Em seguida, Paulo reafirmou o conceito cristão de humano – a filiação ao Pai. Onésimo convertido já não era mais um simples escravo na rede de relações sociais daquele tempo e lugar. Prosseguiu Paulo ao amigo: “Se ele te foi retirado por algum tempo, talvez seja para que o tenhas de volta para sempre (...) como um irmão querido (...) tanto como pessoa humana quanto como irmão no Senhor. Assim, se estás em comunhão de fé comigo, recebe-o como se fosse a mim mesmo”. 
Não se sabe a resposta de Filêmon àquele convite radical. Mas, sendo um “irmão de fé", é de se esperar que o aceitasse e que, portanto, a classificação social recuaria. Filêmon certamente escolheria a emancipação cristã. E receberia o antigo escravo como irmão! A lei perderia para o amor fraterno.
Que maneira é essa de abolir uma escravidão?
Note-se que Paulo usa a palavra coração para se referir ao “nascer para Cristo”. Paulo diz que Onésimo tornara-se como se fosse seu próprio coração. E coração, na Bíblia, tem um sentido forte. Era como se fosse o centro da pessoa, o cerne de seu caráter. A conversão, portanto, tocava o coração dos envolvidos. E, mudando o coração, mudava a prática. Portanto, chama a atenção nesse episódio, o fato de que não era só o escravo que estava se libertando; senhor e escravo se libertavam.
A experiência de conversão de Onésimo pode inspirar lutas políticas de nosso tempo?
Talvez teologicamente essa pergunta não tenha sentido.

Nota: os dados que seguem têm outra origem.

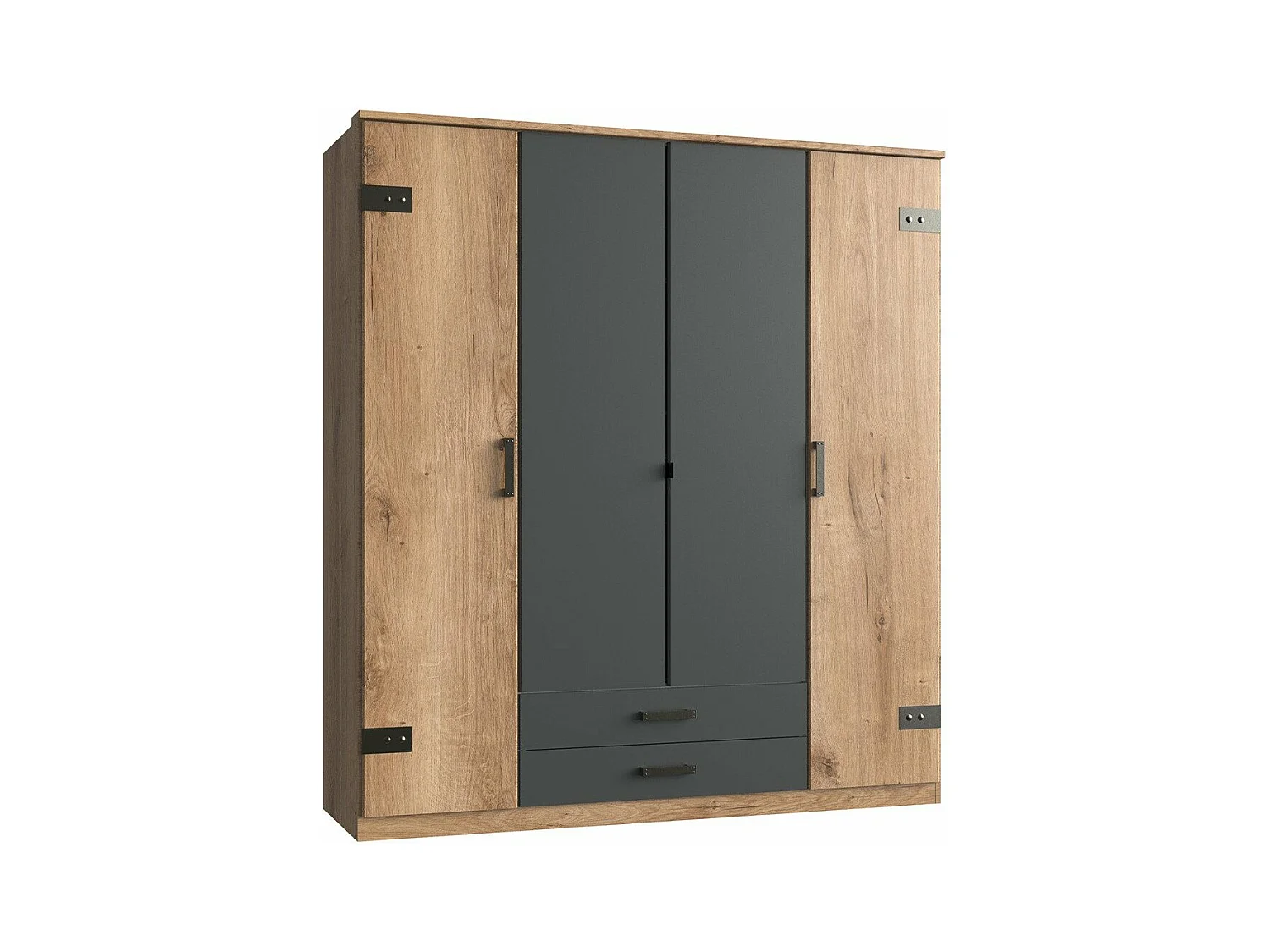 Armoire 4 portes décor chêne et graphite - L180 cm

Não sei se uma carta teológica pode inspirar diretamente lutas políticas concretas. Mas, acho que ela é rica para pensarmos a nós mesmos e a nossa vida em sociedade.
Em primeiro lugar, vê-se que na emancipação que Paulo pregava, não havia um polo dominador que tinha o poder absoluto de libertar o outro, o dominado. Ambos “nascem de novo”, como havia ensinado o Mestre de Nazaré. A mudança na prática das relações sociais – não haveria mais escravo e senhor - era a consequência lógica e necessária da transformação mais profunda. E uma libertação dessa natureza não pararia ali!

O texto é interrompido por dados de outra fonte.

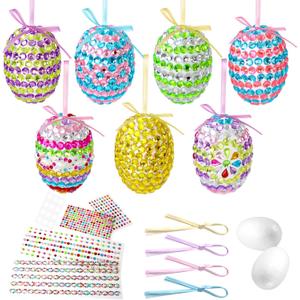 fethwoin 16PCS Easter Tree Ornaments, Foam Easter Eggs Hanging Decorations Craft Kit, DIY Glitter Gem Eggs with Ribbons for Basket Stuffers Fillers & Home Decor Party Favors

Em segundo lugar, Paulo ensina que diante do amor do Pai, a ordem humana é menor! O amor do Criador é a determinação última, absoluta. Mas Paulo ensina, também, que aderir à opressão ou ao amor é escolha. Não fatalismo! Portanto, instituições que descaracterizam o ser humano são frutos de escolha, de escolhas individuais e coletivas. É notável que Paulo quisesse respeitar a liberdade de Filêmon para “exercer sua bondade”. Seria tão mais fácil impor, dar uma ordem! E, aí, vem sutilmente uma característica fundamental do legado cristão: se Deus criou o céu e a terra, as mulheres e os homens, a natureza e o cosmos... as relações opressoras fomos nós que criamos! E escolhemos continuar com elas, invertendo o projeto original! E, portanto, vivemos a vida social como peso, como impossibilidades, como carências, como dependências, como frustrações, criando separações, muros etc. etc. Contudo, ainda é a liberdade que nos define!
Lá naquela prisão, Paulo estava libertando um escravo e um senhor. E, ao mesmo tempo, dizendo coisas para nós, séculos depois. Ele estava, sobretudo, replicando a lição do Cristo, o Verbo encarnado. Ocorre que nós continuamos escolhendo mal... Mantemos instituições que nos desviam da plenitude própria da Sabedoria que nos criou filhas e filhos, irmãs e irmãos. Paulo estava tornando concreto o chamado de Jesus aos cansados e sofridos: “... meu jugo é suave e meu fardo é leve” (Mt 11, 30).